Note: In order to communicate and synchronize between processes, the code uses the torch.multiprocessing library. We have set up more locks, events, values, pipes, and queues. If you are a novice in this area, do not modify these switches, as it may cause running failures.

Results

  • We observe that FedPHE reduces the network footprint for MNIST, FashionMNIST, and CIFAR-10 by up to 16.49×, 16.89×, and 3.31×, respectively, compared to PackedCKKS. Moreover, it outperforms PackedBFV for 4.28−22.62× across three datasets. It is worth noting that the ciphertext size is only 0.81×, 0.77×, and 4.11× compared to the BatchCrypt. This indicates the efficiency of FedPHE in reducing the ciphertext generated by CKKS to the level of BatchCrypt encryption with Paillier. This achievement is truly remarkable. Additionally, the ciphertext size, which is previously in “memory out” state as shown in Table I, has been reduced to only 2.07 − 9.88× larger than the plaintext baseline, making FedPHE applicable to FL in practice. In conclusion, FedPHE achieves communication overhead reduction ranging from 1.24× to 22.62× compared to these baselines.
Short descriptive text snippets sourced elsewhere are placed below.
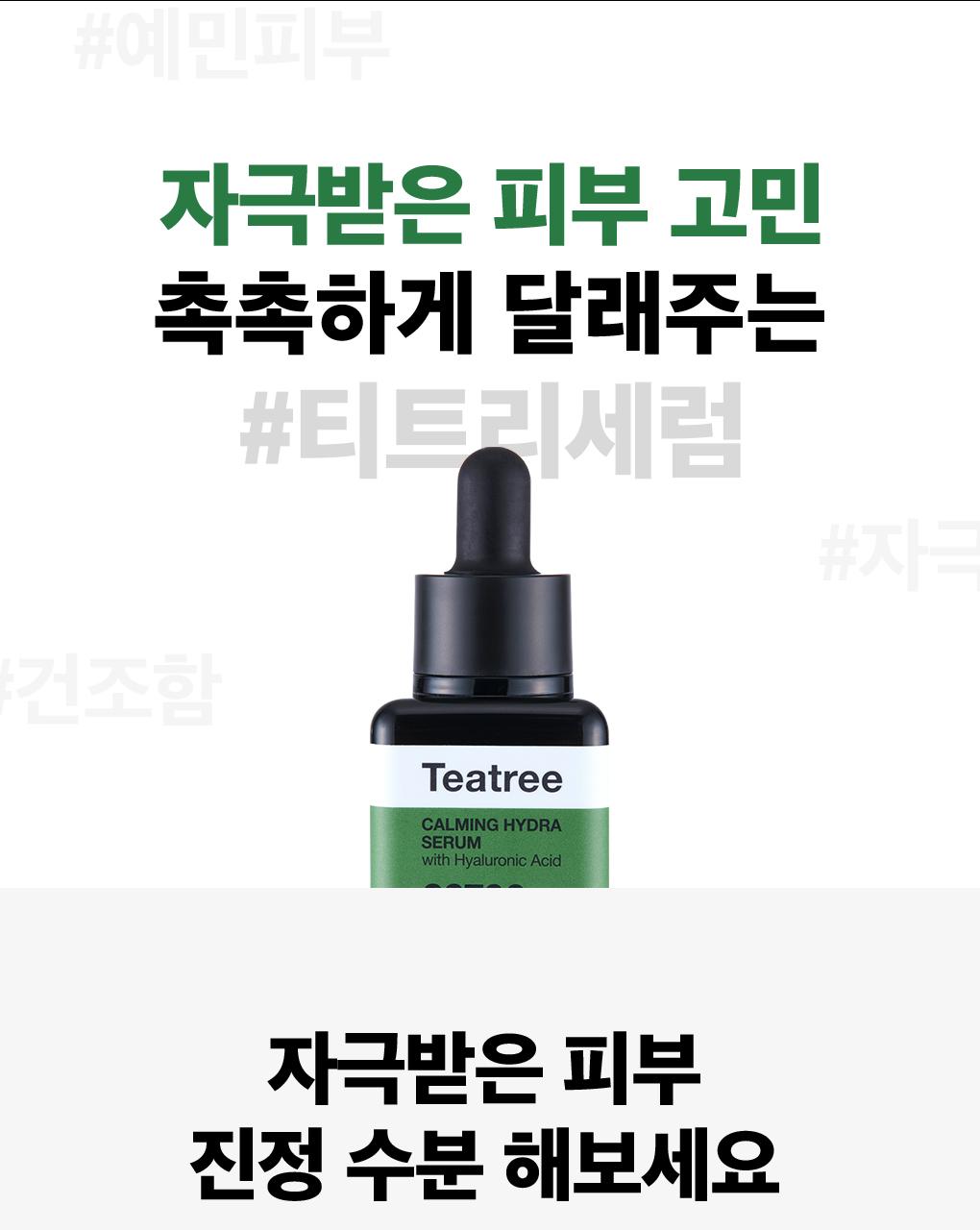 Mediheal 茶树舒缓补水精华 40ml source detail 8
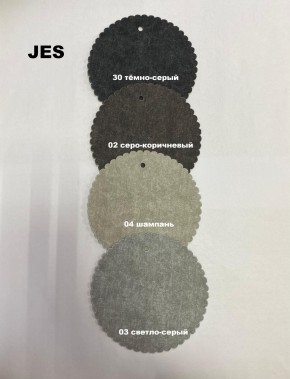 Стул ФОРОС ромб в Камышлове - kamyshlov.mebel24.online | фото 12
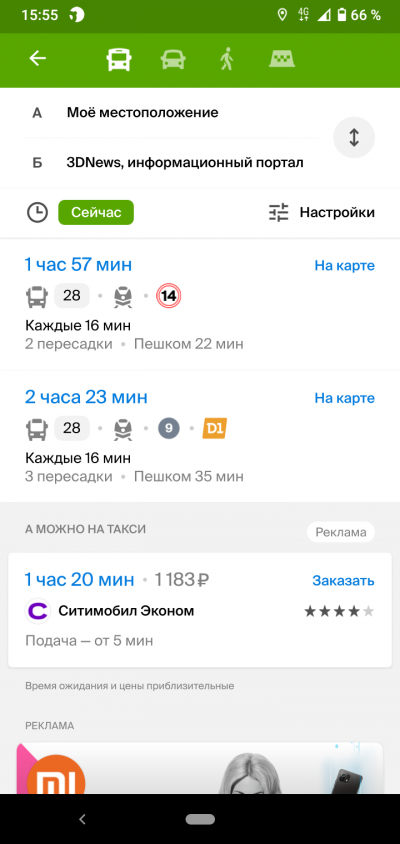 Новая статья: Верной дорогой: обзор мобильных приложений для пешей навигации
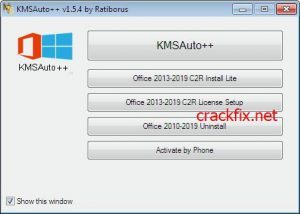 Office 2019 KMS Activator Ultimate 2.0 Crack Free Download [Lifetime]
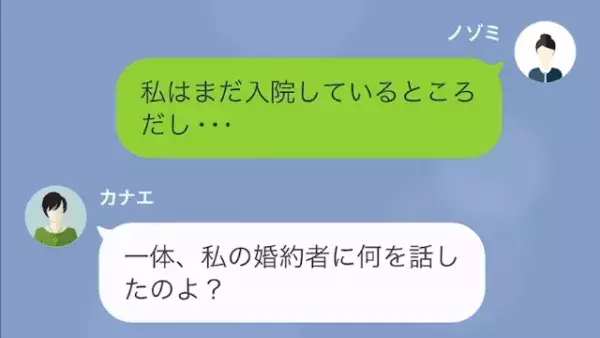 ”出産間近”の私に挙式出席を強制する友人！？しかし…⇒私「言わなかったっけ？」「え？」”まさかの事実”が！？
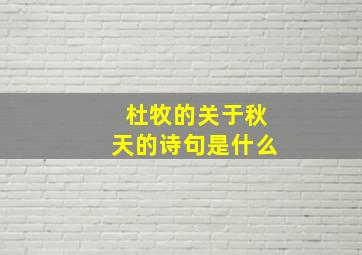 杜牧的关于秋天的诗句是什么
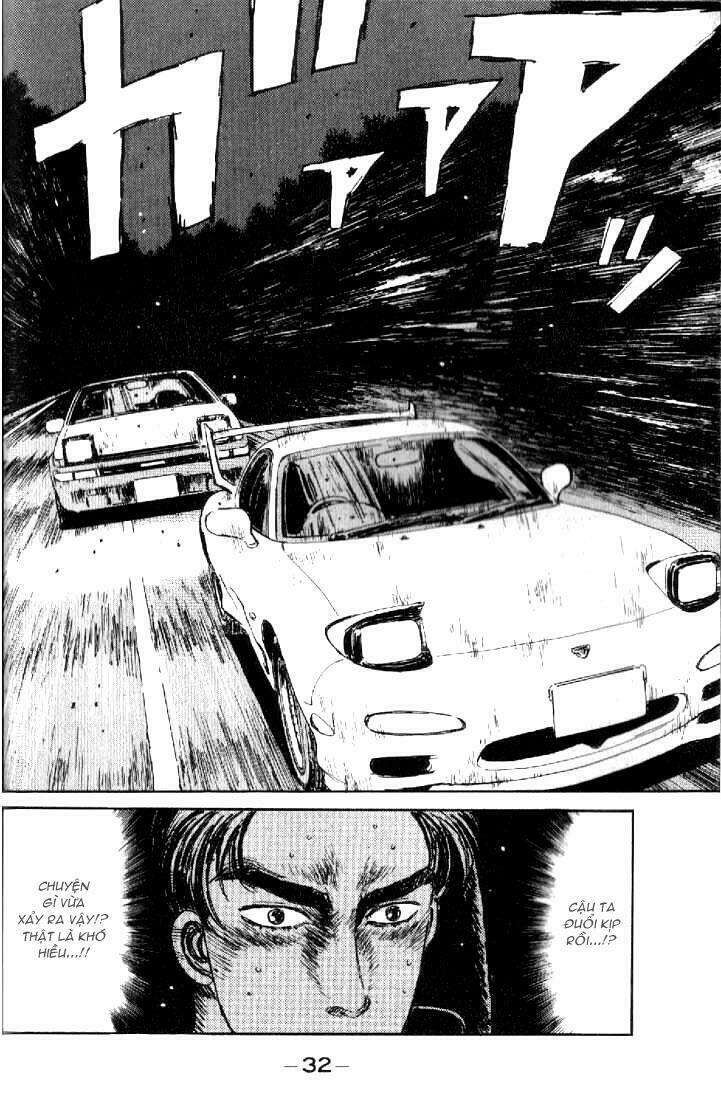 Ký Tự D Chap 12 - Next Chap 13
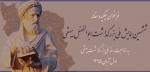 ششمین همایش ملی بزرگداشت ابوالفضل بیهقی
  • As shown in Table III, BatchCrypt requires 4.02 − 7.01× more training time compared to plaintext. In contrast, FedPHE incurs only 1.58 − 2.17× training time of the plaintext baseline, greatly enhancing the efficiency of model training. Furthermore, leveraging sparsification and client selection, FedPHE achieves a training acceleration of 1.85−4.44×. With an apt sparsification threshold, FedPHE does not adversely affect the trained model quality. Instead, it achieves significant compression while maintaining high performance.

Acknowledgments

I'd like to express my gratitude to the following projects and contributors for their work and contributions, which have been invaluable to this project:

  • Gap_Statistic - for their dynamically determined the suggested clusters in the data for unsupervised learning.
  • BatchCrypt - for paper ATC'20 paper "BatchCrypt: Efficient Homomorphic Encryption for Cross-Silo Federated Learning".
  • FLASHE - for the innovative algorithms that inspired our "packed with sparsification" optimization techniques.
  • Datasketch - for the MinHash, LSH data sketch that can process and search very large amount of data super fast, with little loss of accuracy.

This project also stands on the shoulders of numerous open-source contributors who make their work freely available for public use and modification. A heartfelt thank you to the open-source community for making this project possible.